A Kansas Senate committee is looking at rewriting part of the public school funding formula. The Legislature passed a bill increasing one type of school aid last year, but when it was all said and done, the cost had risen beyond their initial estimates. As KPR’s Stephen Koranda reports, the bill would change how it's calculated and reduce that type of education spending by $40 million, closer to what lawmakers originally expected to spend.
At a hearing on the bill, some lawmakers and Kansas school officials couldn’t agree on whether this plan is a funding cut. Republican Senator Ty Masterson, chair of the Senate Ways and Means Committee, says the state is still increasing the aid, just not as much.
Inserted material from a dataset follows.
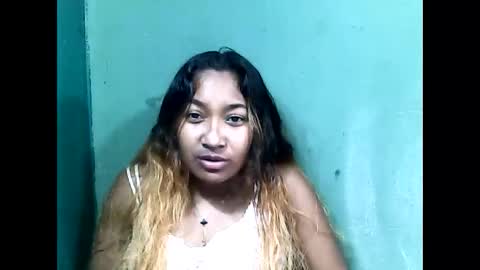 Snapshot of nilaina330940 chatting on June 2026 05:31:02 AM nilaina330940 online show from June 2026 05:31:02 AM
Here he is explaining it to reporters.
“If I anticipated I was going to earn $100,000 in a year, but at end of the year I only earned 90 or 95, did my pay get cut? No, it did not, I had less than I anticipated,” says Masterson.
But to many schools it sure feels like a cut. The money would come out of their current budget mid-year.
“It’s like, in the middle of a football game, the rules have changed.”
That’s Julie Ford, superintendent of Topeka Public Schools, which would lose nearly $900,000.
She says they built their budget with that money included, and without it they may have to cut services their students need.
“Special education, we’re an urban district, 20 percent of our kids are special education. Bilingual ed services for our ELL students. It’s kind of a no-win situation for school districts,” says Ford.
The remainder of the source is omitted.